Gravitational waves in gauge theory gravity with a negative cosmological constant

TL;DR

This paper explores gravitational waves within gauge theory gravity with a negative cosmological constant, highlighting differences from general relativity and analyzing wave solutions and memory effects.

Contribution

It introduces gravitational wave solutions in gauge theory gravity with a negative cosmological constant and examines their properties and physical effects.

Findings

Gravitational wave solutions are of Petrov type-N.

The gauge theory framework allows a flat background spacetime.

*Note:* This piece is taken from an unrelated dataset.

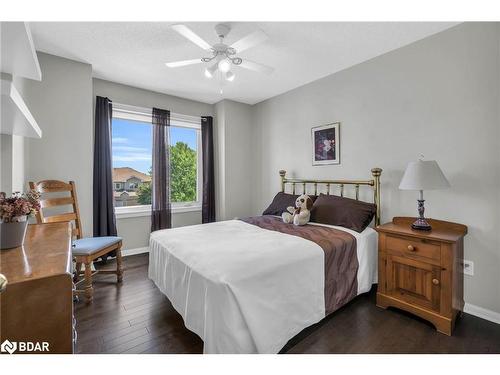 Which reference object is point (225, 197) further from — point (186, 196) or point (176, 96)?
point (176, 96)

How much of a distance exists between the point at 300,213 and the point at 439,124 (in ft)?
5.06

Velocity memory effect is demonstrated for free-falling particles.

Abstract

In this paper, we discuss the gravitational waves in the context of gauge theory gravity with a negative cosmological constant. The gauge theory gravity is a gravity theory under gauge formulation in the language of geometric algebra. In contrast to general relativity, the background spacetime in gauge theory gravity is flat, the gauge freedom comes from the fact that equations in terms of physical quantities should be kept in a covariant form under spacetime displacement and rotation. Similar to the electromagnetism, the gauge formulation enables us to interpret the gravitational force as a gauge force on the background flat spacetime. The dynamical fields that describe the gravitational interactions are those position and rotation gauge fields introduced as the requirement of the gauge covariance. The gravitational field equations can be derived from the least action principle with the action as a gauge invariant quantity built from the covariant field strength. We discuss the gravitational wave solutions of the field equations with a negative cosmological constant, and show that these solutions are of Petrov type-N. We also discuss the velocity memory effect by calculating the velocity change of an initially free falling massive particle due to the presence of the gravitational waves.